It is part of my heritage theatre work. It’s the legend of the founder of Hyderabad and his beloved — a poet and a danseuse — and how their unconditional love for each other gives birth to a city. I structured it like an elaborate piece of modern theatre with embellishments and narratives.
How difficult is it to wear the different hats of actor, director and writer?
When you are playing a character you have conceived of as a playwright and envisioned as a director, then the process of internalising becomes a natural evolution for an actor. It brings in an additional layer of depth and saves a lot of time and creative energy. Anyway, I am used to that as I have worked in over 400 ad films where I sometimes wore 10 hats.
What was the NCPA experience like?
Adapting to their space was challenging and I enjoyed it thoroughly. The audience’s response was overwhelming.
How did the Footsbarn and Globe Theatre invitations come about?

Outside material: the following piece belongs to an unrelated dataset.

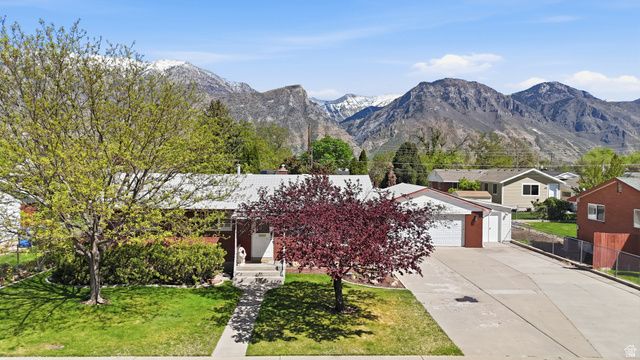 1465 S 640 E, Orem, UT 84097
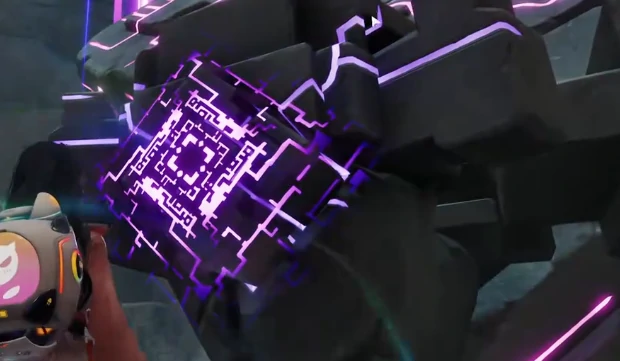 伊莫腾云踏雾地宫位置一览,伊莫腾云踏雾地宫探索全攻略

Footsbarn is like family. We have had along association with them, a co-production Forty Winks with their lead actor-director Paddy Hayter and me on stage, several workshops on space, masks and Jacques Lecoq’s acting techniques. Though this will be my fifth overseas festival outing, it’ll be a first in a theatre-tent. Performing in a tent in arena-theatre format should be an experience. I am probably the only non-Shakespearean Urdu playwright-director to have been invited to Shakespeare’s hot seat.
What do you expect at the Globe and Footsbarn?
Any exchange of creative ideas and techniques is useful. Performing for audiences in different parts of the world is an enriching experience.